In his opening remarks, Prof. Shannon’s commented on his hopes for a broad government response to his report:
…. what this report does demonstrates is how corrosive alcohol is, and what we see is that the biggest challenge facing society is the adverse consequences for the welfare of many children posed by alcohol. Drug and alcohol abuse, are key features of this report, and have a very damaging effect on children, and the failure by society to address alcohol as a fundamental problem, places insurmountable burdens on the child protection system, so it’s not just about Tusla or the Gardai. It’s about society, and our ambivalence to alcohol and substance misuse.”
The audit highlighted numerous cases, where it was evident that alcohol abuse was a significant factor. Additionally, the audit also reported individual cases where the child removed were themselves under the influence of alcohol.
Reacting to Prof Shannon’s contribution, AHA Chair, Prof Frank Murray said: “These disturbing findings further highlight the impact of alcohol related harms on our children, and the need to implement measures that can protect children from such harms. We support Prof Geoffrey Shannon’s call for the Government to ‘step up to the plate’ in terms of taking on vested interests and saying ‘enough is enough’. Children deserve to be protected and that is the job of legislators”.
It is our strong belief that the measures within the Public Health (Alcohol) Bill, when taken together, will provide a reasonable, pragmatic means to achieving the ambition of this progressive public health initiative – namely to protect children, to ease the pressure on our health services and make for a healthier and more productive society for everyone” Prof Murray said.

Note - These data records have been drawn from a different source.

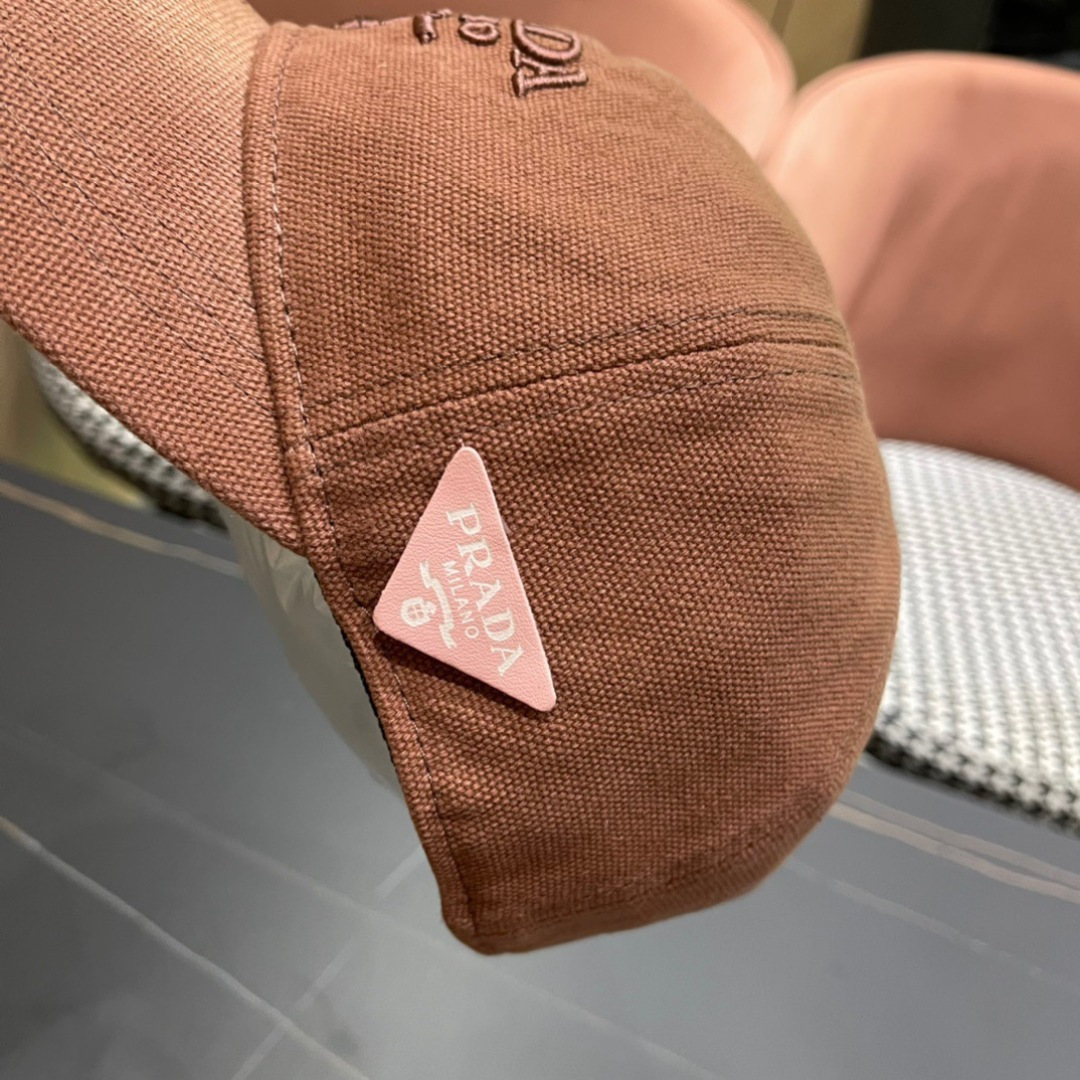  PRADA 普拉达 专柜时尚潮流，高端做工！非一般的品质，细节看实拍哦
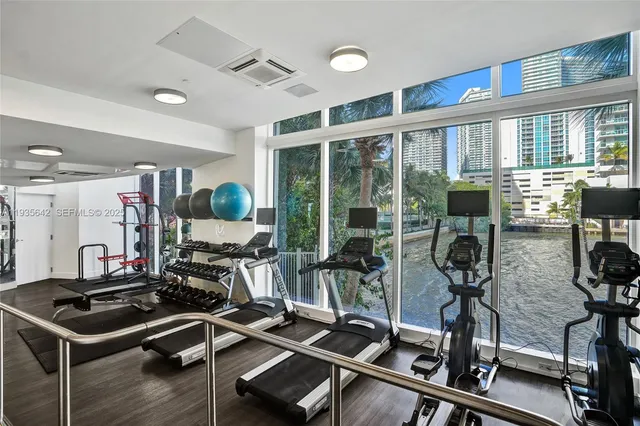 $876,000 | 601 Northeast 27th Street, Unit 1507, Miami, FL 33137
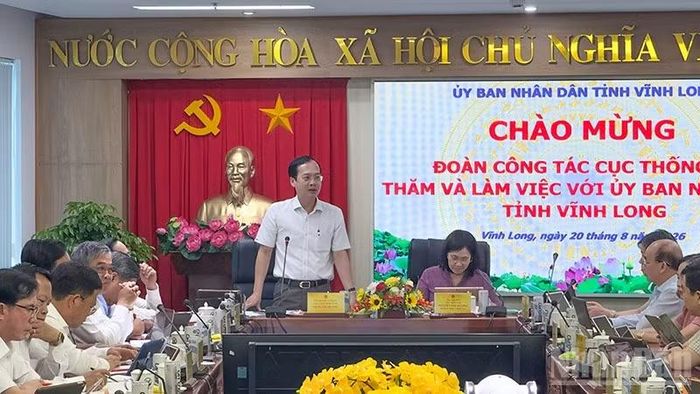 Chủ tịch Ủy ban nhân dân tỉnh Vĩnh Long Trần Trí Quang phát biểu tại buổi làm việc. (Ảnh: BÁ DŨNG)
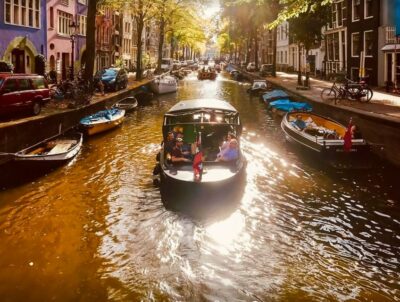 Amsterdam: Smoke and Lounge City Boat Cruise - Smoke-Friendly Rules: What You Can Do (and What You Can’t)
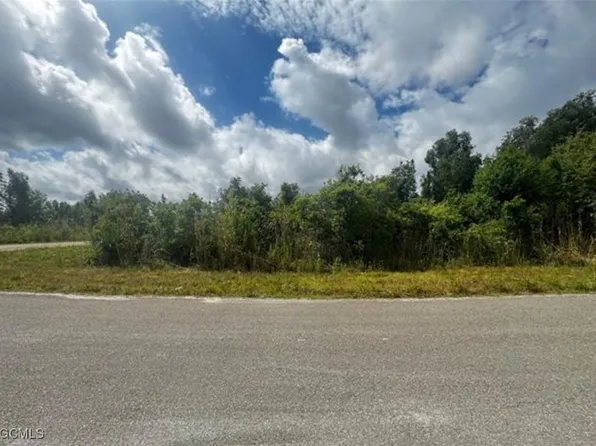 2701 26th St W, Lehigh Acres, FL 33971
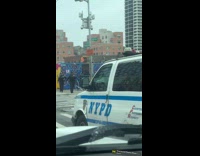 Man hitchhike behind truck then run from cops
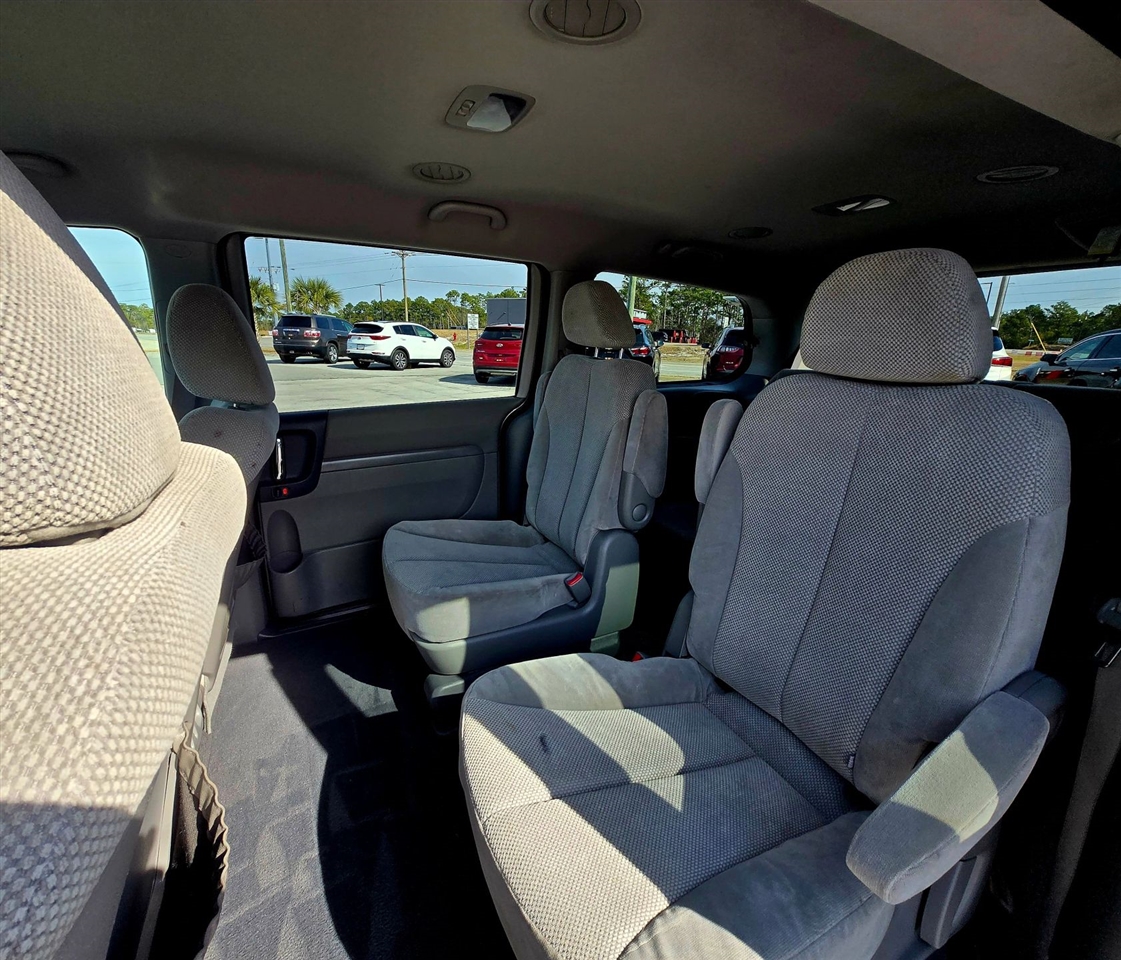 Kia Sedona EX LWB 2011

For over 500 days the Public Health (Alcohol) Bill – a progressive piece of legislation designed to significantly and positively alter Ireland’s harmful relationship with alcohol – has languished in the Oireachtas and faced inordinate delay.
The Bill contains a range of measures designed to work together to reduce alcohol consumption in Ireland so reducing alcohol related harm. It will protect children, families and communities from alcohol related harms and create an environment that supports a low risk approach to individual consumption.